Le taux général de participation au scrutin législatif du 17 décembre 2022 a atteint 8,8 %, annonce le président de l'Instance supérieure indépendante des élections (Isie), Farouk Bouasker, lors d'un troisième point de presse tenu hier à 19h30.

Les bureaux de vote ont fermé leurs portes à 18h00. C'est sans conteste le taux d'abstention le plus élevé de tous les scrutins qui se sont déroulés ces dernières années. Beaucoup de facteurs expliquent le désintérêt des Tunisiens pour la chose politique. En premier lieu, le mode de scrutin uninominal qui introduit une nouvelle culture de vote sur les personnes et non sur les listes. Ce nouveau mode de scrutin n'a pas encore trouvé son chemin et a été à l'origine d'une grande réticence de la part des électeurs qui ne trouvent pas d'intérêt à aller voter pour des candidats qu'ils ne connaissent pas. Le système de parrainage a invalidé plusieurs candidatures et a fini par impacter négativement l'enthousiasme électoral.

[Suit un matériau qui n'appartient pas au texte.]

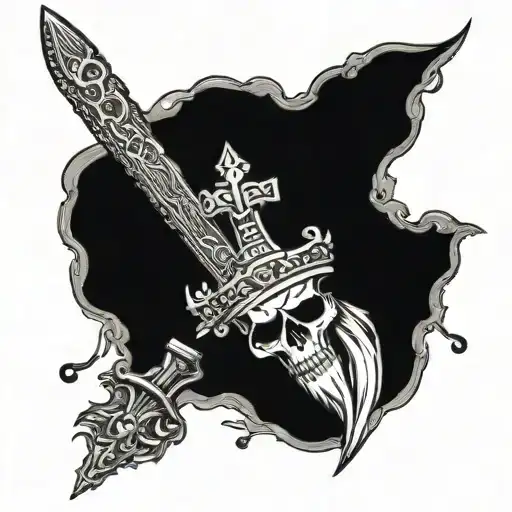 a long sword that has a hogskull at the handle and add a crown tattoo design idea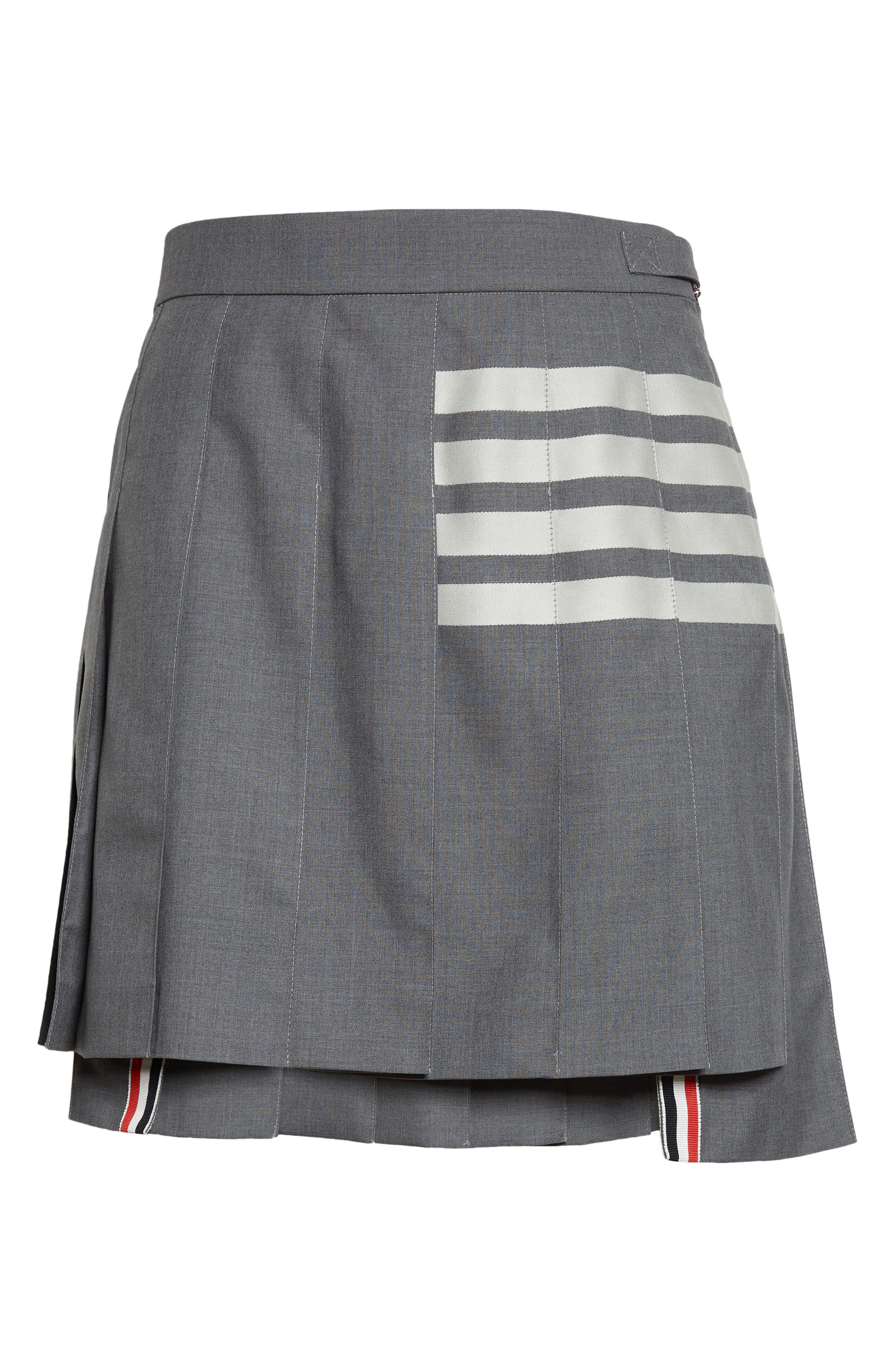 Drop Back Pleated Wool Miniskirt - 5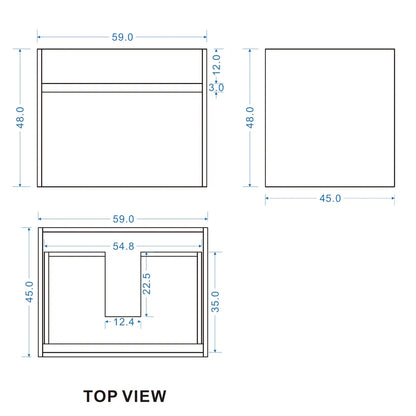 PLYWOOD WALL HUNG VANITY | 600MM | NATURAL OAK | DN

Le fait qu'il y ait des candidats uniques dans plusieurs circonscriptions et qui sont déclarés vainqueurs avant même le déroulement des élections a dissuadé des milliers d'électeurs à se rendre aux bureaux de vote étant donné que le suspense des résultats n'existe plus. Mais au fond, les Tunisiens, qui ont réclamé la dissolution du Parlement le 25 juillet 2021, gardent un souvenir amer de la défunte ARP et ne sont pas prêts à redonner leur confiance à d'autres élus, du moins sur le court terme. En effet, par ce taux d'abstention inédit, les Tunisiens confirment leur divorce d'avec la classe politique quelle que soit sa couleur ou sa tendance. Car ce qui s'est passé hier au niveau des urnes s'est également passé du côté des manifestations. L'appel des partis politiques pour une mobilisation populaire ne trouve plus d'écho auprès des Tunisiens. Que ce soit les formations de l'opposition, les partisans de Saïed ou même les syndicats, l'adhésion des Tunisiens à la chose publique et politique s'est fortement érodée.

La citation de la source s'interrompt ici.